• **Problem to work on**
Take the entries below and print only the lines from the one with "EAN 5908256835849 - Mesko" through the one with "Fall Wildflowers Pathway", exactly as they stand, both ends included.

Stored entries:
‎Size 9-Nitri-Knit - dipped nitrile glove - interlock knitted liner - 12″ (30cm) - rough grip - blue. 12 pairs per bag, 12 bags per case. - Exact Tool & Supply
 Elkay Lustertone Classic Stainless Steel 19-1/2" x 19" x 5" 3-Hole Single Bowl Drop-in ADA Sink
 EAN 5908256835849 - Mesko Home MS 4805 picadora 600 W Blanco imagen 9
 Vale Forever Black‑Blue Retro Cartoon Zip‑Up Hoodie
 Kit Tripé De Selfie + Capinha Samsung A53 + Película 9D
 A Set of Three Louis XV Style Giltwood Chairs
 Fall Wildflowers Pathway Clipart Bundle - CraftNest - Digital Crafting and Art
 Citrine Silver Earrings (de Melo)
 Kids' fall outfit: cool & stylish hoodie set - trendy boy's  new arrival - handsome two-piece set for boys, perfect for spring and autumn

• **Completed exercise**
 EAN 5908256835849 - Mesko Home MS 4805 picadora 600 W Blanco imagen 9
 Vale Forever Black‑Blue Retro Cartoon Zip‑Up Hoodie
 Kit Tripé De Selfie + Capinha Samsung A53 + Película 9D
 A Set of Three Louis XV Style Giltwood Chairs
 Fall Wildflowers Pathway Clipart Bundle - CraftNest - Digital Crafting and Art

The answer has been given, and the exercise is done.